Search notes:

sys calls

A program requests the execution of a service provided by the kernel through system calls (aka «kernel calls»).
These calls are identified by a number (see arch/x86/entry/syscalls/syscall_64.tbl and arch/x86/include/generated/asm/syscalls_64.h).

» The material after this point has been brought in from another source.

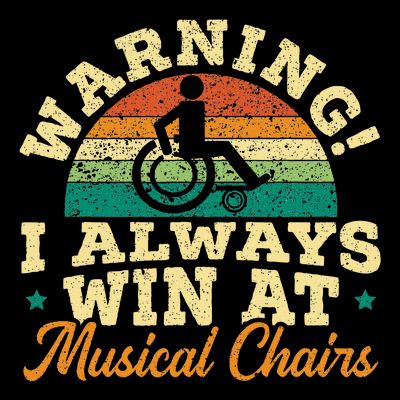 Warning I Win At Musical Chairs Wheelchair Handicap T-Shirt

Executing syscalls and passing parameters

For 64 bit x86 applications, arch/x86/entry/entry_64.S contains the following useful comment:
64-bit SYSCALL instruction entry. Up to 6 arguments in registers.
This is the only entry point used for 64-bit system calls. The hardware interface is reasonably well designed and the register to argument mapping Linux uses fits well with the registers that are available when SYSCALL is used.
SYSCALL instructions can be found inlined in libc implementations as well as some other programs and libraries. There are also a handful of SYSCALL instructions in the vDSO used, for example, as a clock_gettimeofday fallback.
64-bit SYSCALL saves rip to rcx, clears rflags.RF, then saves rflags to r11, then loads new ss, cs, and rip from previously programmed MSRs. rflags gets masked by a value from another MSR (so CLD and CLAC are not needed). SYSCALL does not save anything on the stack and does not change rsp.
Registers on entry: rax system call number rcx return address r11 saved rflags (note: r11 is callee-clobbered register in C ABI) rdi arg0 rsi arg1 rdx arg2 r10 arg3 (needs to be moved to rcx to conform to C ABI) r8 arg4 r9 arg5 (note: r12-r15, rbp, rbx are callee-preserved in C ABI)
Only called from user space.
See also the note about x64 assembler dialects where the exit syscall is used to demonstrate some dialects.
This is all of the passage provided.